▸ **INSTRUCTIONS TO FOLLOW**: Each line of the listing, apart from the pictures, is to be printed exactly.
COLLECTED DATA: Begin
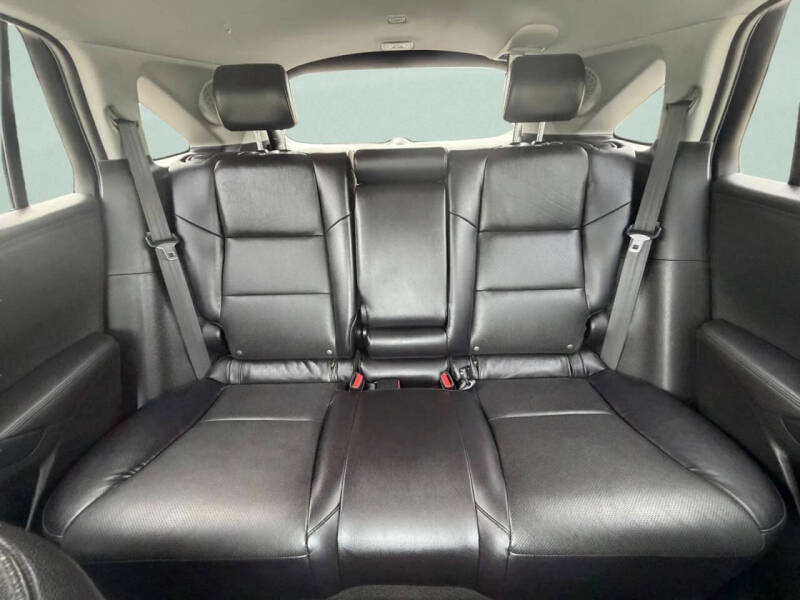 2017 Acura RDX w/Advance
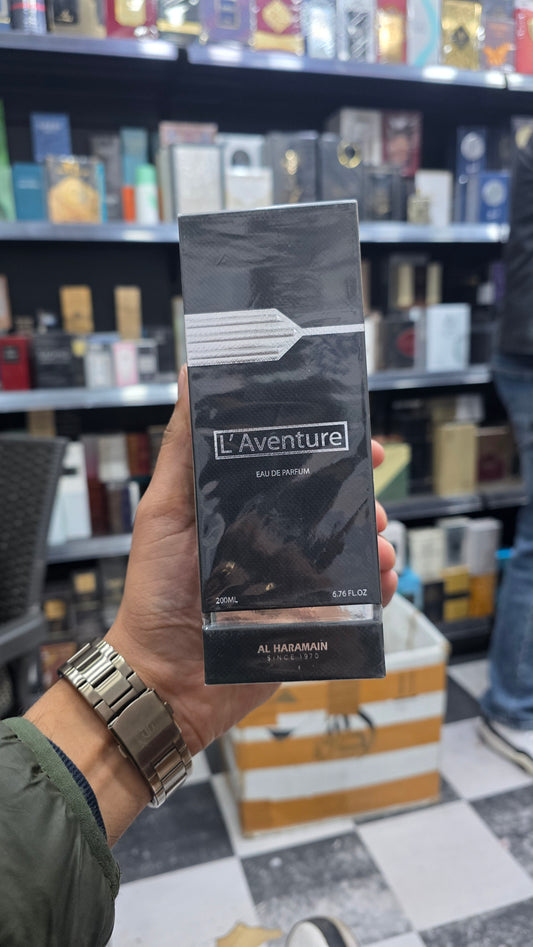 Al Haramain L'aventure 200ml EDP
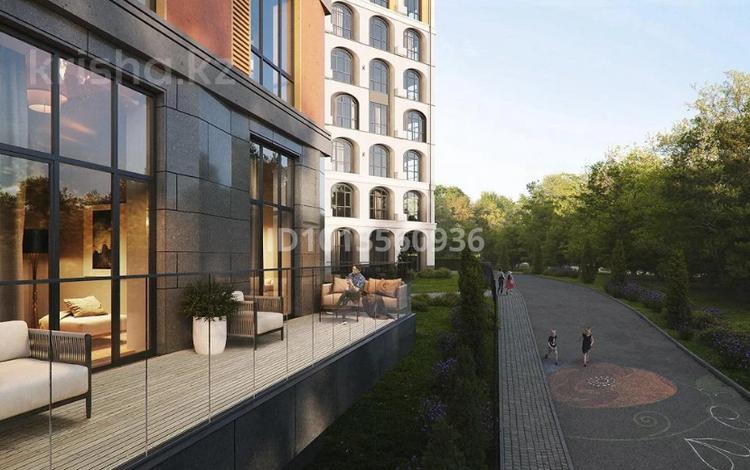 2-комнатная квартира · 65 м² · 5/7 этаж, Талгат Бигелдинов 1/2 за 85.9 млн ₸ в Алматы, Медеуский р-н — фото 4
COLLECTED DATA: End
▸ **EXERCISE RESULT**:
 2017 Acura RDX w/Advance
 Al Haramain L'aventure 200ml EDP
 2-комнатная квартира · 65 м² · 5/7 этаж, Талгат Бигелдинов 1/2 за 85.9 млн ₸ в Алматы, Медеуский р-н — фото 4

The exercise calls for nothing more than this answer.